Brought to you by our Canadian content laws.

Just when we thought Canadian content couldn’t suck any more than it did with Corner Gas, we get a special treat. From the folks who brought you that steaming pile comes this attempt at comedy.

Shooting begins in July on InSecurity, a 13-part “action comedy” about bumbling Canadian spies, producers said in Regina.

The series stars include relative newcomer Natalie Lisinska as a rookie agent; William deVry, from the soap opera The Bold and the Beautiful, as her boss; and well-known Quebec actor Remy Girard as a jaded veteran.

I accidentally saw a trailer for the show on Sunday night, and almost immediately wanted to change the channel. That’s after the preview–I’m scared to watch the show. Folks, I’ve said it before and I’ll say it again. If we didn’t have Canadian content laws in place, people up here would actually be inclined to create a show on par with a CSI, or hell, even a Simpsons. Here’s the problem, though. Most Canadian shows, well, suck. Yes, I’m looking at you, Little Mosque On The Prairie. But even if they suck, the CRTC says they have to be played. So Corner Gas, Little Mosque, and now this sad attempt at something vaguely resembling a TV show get air time. And hey look, they all get plenty of airtime on CBC–no wonder I only watch that channel for Hockey Night in Canada.

We lose the Can Con laws, we get decent TV shows, kids. Keep the laws, we get crap–and it still gets airtime. Seems like a simple enough choice to me. So why have no Canadian governments dared bring up such sacreligiousness? Good question. Any political types care to weigh in with an explanation? Inquiring minds kind of wouldn’t mind knowing.

2 comments
  1. I actually think Corner Gas is funny, but I was also a Brent Butt fan way back when nobody knew who the hell he was.

    And the reason we have CanCon is because corporations can’t be trusted to let the best shows and music, no matter where they’re from, have an equal chance. Yeah there’s some bad Canadian content out there, but there’s also some really great stuff, stuff that would have never seen the light of day if it was left up to the networks themselves.

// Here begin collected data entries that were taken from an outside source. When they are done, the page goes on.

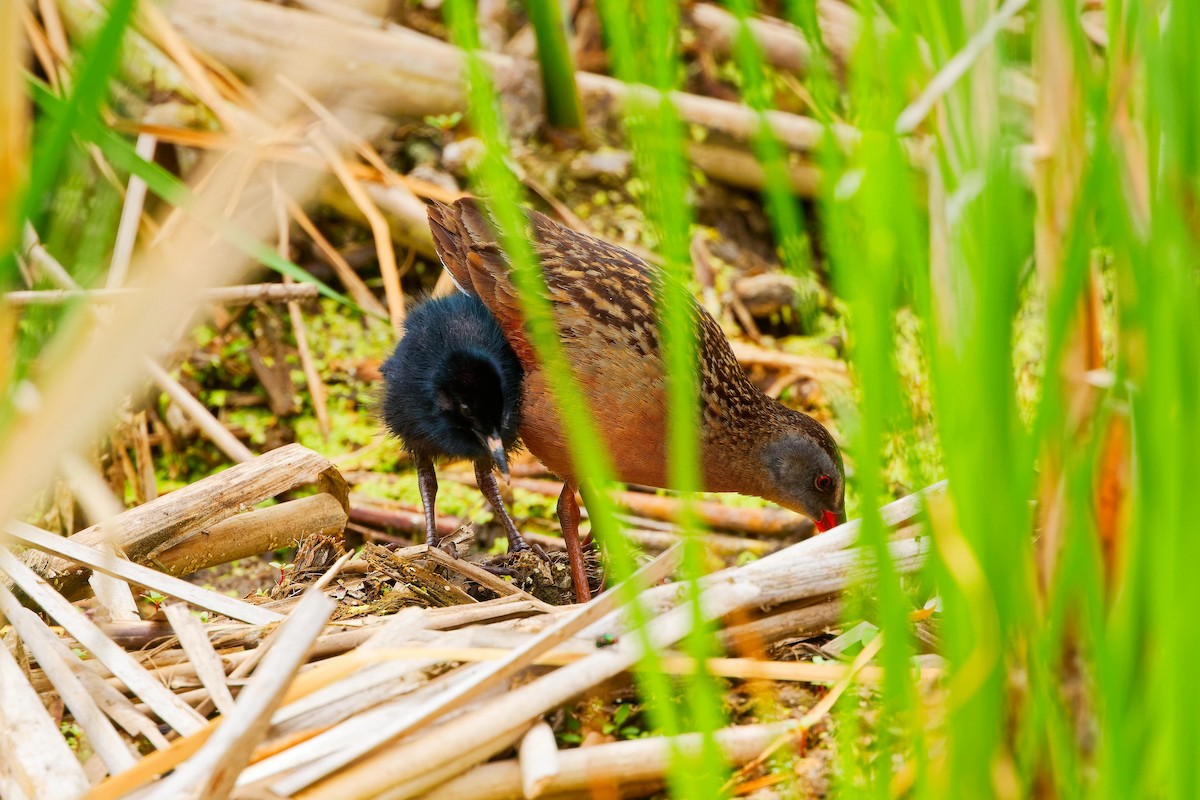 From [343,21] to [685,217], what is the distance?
35 centimetres

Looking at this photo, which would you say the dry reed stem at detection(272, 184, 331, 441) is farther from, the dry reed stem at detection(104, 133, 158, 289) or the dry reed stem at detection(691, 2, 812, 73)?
the dry reed stem at detection(691, 2, 812, 73)

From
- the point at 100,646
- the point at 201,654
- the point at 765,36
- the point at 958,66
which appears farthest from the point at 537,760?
the point at 765,36

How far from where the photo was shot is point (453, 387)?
3348 mm

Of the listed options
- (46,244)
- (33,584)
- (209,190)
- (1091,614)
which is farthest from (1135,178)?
(33,584)

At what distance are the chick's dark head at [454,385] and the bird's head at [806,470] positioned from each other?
866 mm

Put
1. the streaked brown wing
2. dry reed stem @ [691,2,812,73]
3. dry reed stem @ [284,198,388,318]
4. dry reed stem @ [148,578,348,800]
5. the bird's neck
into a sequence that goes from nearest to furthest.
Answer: dry reed stem @ [148,578,348,800], the streaked brown wing, the bird's neck, dry reed stem @ [284,198,388,318], dry reed stem @ [691,2,812,73]

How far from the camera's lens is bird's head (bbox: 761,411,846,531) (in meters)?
3.74

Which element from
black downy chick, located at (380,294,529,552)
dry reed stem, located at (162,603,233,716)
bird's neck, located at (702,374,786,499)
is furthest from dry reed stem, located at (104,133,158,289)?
bird's neck, located at (702,374,786,499)

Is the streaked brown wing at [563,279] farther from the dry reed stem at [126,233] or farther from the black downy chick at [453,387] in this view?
the dry reed stem at [126,233]

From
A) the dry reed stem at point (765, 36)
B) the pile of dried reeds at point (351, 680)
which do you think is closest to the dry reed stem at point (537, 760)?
the pile of dried reeds at point (351, 680)

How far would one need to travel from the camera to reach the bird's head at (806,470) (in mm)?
3738

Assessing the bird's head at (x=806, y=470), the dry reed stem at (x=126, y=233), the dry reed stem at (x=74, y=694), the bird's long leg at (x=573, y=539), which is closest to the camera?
the dry reed stem at (x=74, y=694)

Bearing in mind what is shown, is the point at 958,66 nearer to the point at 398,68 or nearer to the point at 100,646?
the point at 100,646

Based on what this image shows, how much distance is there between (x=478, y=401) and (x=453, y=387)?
91 mm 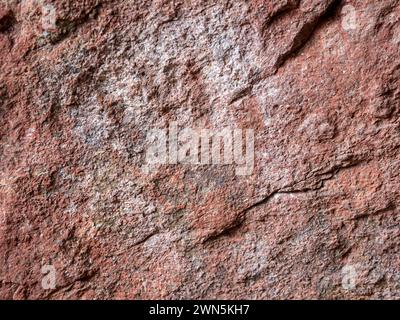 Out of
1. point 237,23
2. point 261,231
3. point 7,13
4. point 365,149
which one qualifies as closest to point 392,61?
point 365,149

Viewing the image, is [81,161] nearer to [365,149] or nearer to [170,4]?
[170,4]

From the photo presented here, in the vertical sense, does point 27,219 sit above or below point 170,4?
below

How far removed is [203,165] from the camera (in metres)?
1.38

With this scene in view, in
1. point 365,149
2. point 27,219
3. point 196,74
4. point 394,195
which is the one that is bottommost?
point 394,195

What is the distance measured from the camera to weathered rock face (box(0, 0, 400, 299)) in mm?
1329

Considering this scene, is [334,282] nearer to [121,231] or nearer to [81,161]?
[121,231]

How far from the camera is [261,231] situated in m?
1.40

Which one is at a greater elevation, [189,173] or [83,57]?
[83,57]

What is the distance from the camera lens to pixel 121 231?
4.58 ft

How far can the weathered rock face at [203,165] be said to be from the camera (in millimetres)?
1329

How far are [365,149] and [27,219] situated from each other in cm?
73

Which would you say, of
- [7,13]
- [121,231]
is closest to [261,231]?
[121,231]

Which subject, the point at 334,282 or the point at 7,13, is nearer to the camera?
the point at 7,13

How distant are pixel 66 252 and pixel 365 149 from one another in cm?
67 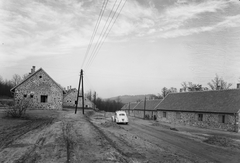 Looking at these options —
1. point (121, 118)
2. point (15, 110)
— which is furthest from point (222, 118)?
point (15, 110)

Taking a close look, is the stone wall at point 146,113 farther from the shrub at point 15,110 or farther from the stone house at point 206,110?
the shrub at point 15,110

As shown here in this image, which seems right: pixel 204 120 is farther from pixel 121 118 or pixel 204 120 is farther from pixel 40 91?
pixel 40 91

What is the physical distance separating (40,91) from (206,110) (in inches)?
1168

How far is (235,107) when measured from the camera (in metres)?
31.9

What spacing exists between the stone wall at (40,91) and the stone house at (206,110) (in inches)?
911

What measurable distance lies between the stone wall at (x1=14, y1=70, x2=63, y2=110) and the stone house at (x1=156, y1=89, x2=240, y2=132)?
23.1 m

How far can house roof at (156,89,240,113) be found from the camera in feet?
110

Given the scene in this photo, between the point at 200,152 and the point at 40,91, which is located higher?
the point at 40,91

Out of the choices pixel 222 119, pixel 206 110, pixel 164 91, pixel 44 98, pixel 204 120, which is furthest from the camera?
pixel 164 91

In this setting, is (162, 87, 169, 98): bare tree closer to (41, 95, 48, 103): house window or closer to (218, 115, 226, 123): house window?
(218, 115, 226, 123): house window

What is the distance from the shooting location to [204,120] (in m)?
36.1

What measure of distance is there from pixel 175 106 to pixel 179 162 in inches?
1460

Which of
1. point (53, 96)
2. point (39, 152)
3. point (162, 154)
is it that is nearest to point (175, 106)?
point (53, 96)

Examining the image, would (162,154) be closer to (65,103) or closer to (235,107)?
(235,107) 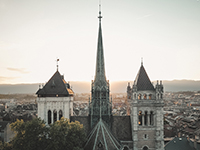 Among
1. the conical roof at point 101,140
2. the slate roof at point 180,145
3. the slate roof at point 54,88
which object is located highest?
the slate roof at point 54,88

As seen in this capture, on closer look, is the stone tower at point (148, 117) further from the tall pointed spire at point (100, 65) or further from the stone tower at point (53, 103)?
the stone tower at point (53, 103)

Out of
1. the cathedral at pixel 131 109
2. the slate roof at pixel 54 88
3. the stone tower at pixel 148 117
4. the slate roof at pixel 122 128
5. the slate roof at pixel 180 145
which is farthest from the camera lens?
the slate roof at pixel 180 145

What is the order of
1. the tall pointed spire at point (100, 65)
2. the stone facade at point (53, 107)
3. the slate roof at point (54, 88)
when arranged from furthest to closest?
the slate roof at point (54, 88)
the stone facade at point (53, 107)
the tall pointed spire at point (100, 65)

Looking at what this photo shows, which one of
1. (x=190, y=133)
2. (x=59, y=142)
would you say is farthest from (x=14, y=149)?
(x=190, y=133)

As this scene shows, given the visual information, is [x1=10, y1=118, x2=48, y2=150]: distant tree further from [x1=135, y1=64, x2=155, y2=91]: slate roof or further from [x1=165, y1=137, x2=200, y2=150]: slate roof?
[x1=165, y1=137, x2=200, y2=150]: slate roof

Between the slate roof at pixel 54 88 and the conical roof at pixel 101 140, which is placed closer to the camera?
the conical roof at pixel 101 140

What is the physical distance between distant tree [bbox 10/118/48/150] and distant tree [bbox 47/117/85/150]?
196cm

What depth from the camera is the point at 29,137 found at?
3350 cm

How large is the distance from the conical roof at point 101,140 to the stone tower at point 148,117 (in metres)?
7.05

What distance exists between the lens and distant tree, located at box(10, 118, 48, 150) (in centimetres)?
3300

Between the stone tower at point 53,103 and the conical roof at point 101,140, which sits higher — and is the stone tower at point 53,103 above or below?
above

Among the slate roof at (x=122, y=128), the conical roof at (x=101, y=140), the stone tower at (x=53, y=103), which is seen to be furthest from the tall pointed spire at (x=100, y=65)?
the conical roof at (x=101, y=140)

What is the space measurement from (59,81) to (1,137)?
4310cm

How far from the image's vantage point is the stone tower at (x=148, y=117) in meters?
39.4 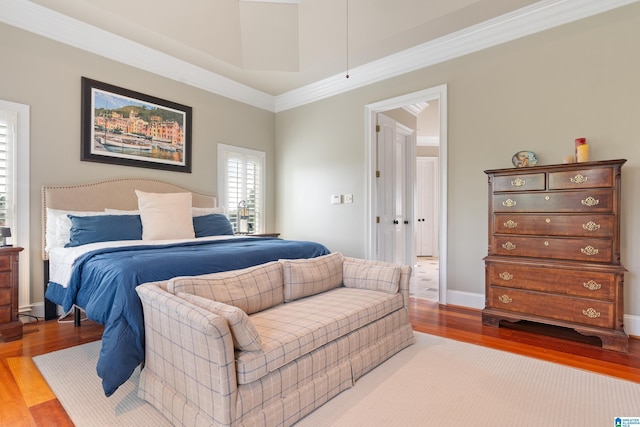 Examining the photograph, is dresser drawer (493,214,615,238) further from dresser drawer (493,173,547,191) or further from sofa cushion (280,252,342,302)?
sofa cushion (280,252,342,302)

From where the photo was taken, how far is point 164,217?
3.53 meters

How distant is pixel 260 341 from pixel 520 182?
2605 mm

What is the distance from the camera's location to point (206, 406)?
1.47m

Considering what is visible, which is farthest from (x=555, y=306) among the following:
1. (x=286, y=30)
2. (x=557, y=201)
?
(x=286, y=30)

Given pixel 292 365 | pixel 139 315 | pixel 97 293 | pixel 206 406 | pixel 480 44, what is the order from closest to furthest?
1. pixel 206 406
2. pixel 292 365
3. pixel 139 315
4. pixel 97 293
5. pixel 480 44

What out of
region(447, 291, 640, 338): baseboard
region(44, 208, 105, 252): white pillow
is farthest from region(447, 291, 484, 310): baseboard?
region(44, 208, 105, 252): white pillow

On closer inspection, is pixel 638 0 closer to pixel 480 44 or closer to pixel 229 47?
pixel 480 44

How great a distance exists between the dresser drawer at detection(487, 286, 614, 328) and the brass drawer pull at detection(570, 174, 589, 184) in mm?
909

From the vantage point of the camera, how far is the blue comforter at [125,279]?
1.79m

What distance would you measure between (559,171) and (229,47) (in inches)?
146

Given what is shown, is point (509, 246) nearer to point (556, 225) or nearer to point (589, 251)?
point (556, 225)

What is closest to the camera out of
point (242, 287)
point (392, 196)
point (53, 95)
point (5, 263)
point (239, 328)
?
point (239, 328)

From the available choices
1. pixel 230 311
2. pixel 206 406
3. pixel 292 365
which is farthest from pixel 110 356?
pixel 292 365

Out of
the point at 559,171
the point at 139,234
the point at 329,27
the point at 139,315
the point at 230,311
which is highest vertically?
the point at 329,27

    1. I don’t doubt there’s some good Can Con out there. Canadian Air Farse, anyone? But the majority of the crap we see from the Canadian side is, well, crap. And they play it anyway. We don’t know what the networks would or wouldn’t play if they had a choice, because they really don’t have a choice. Most certainly if they’re the CBC–where most Can Con crap ends up.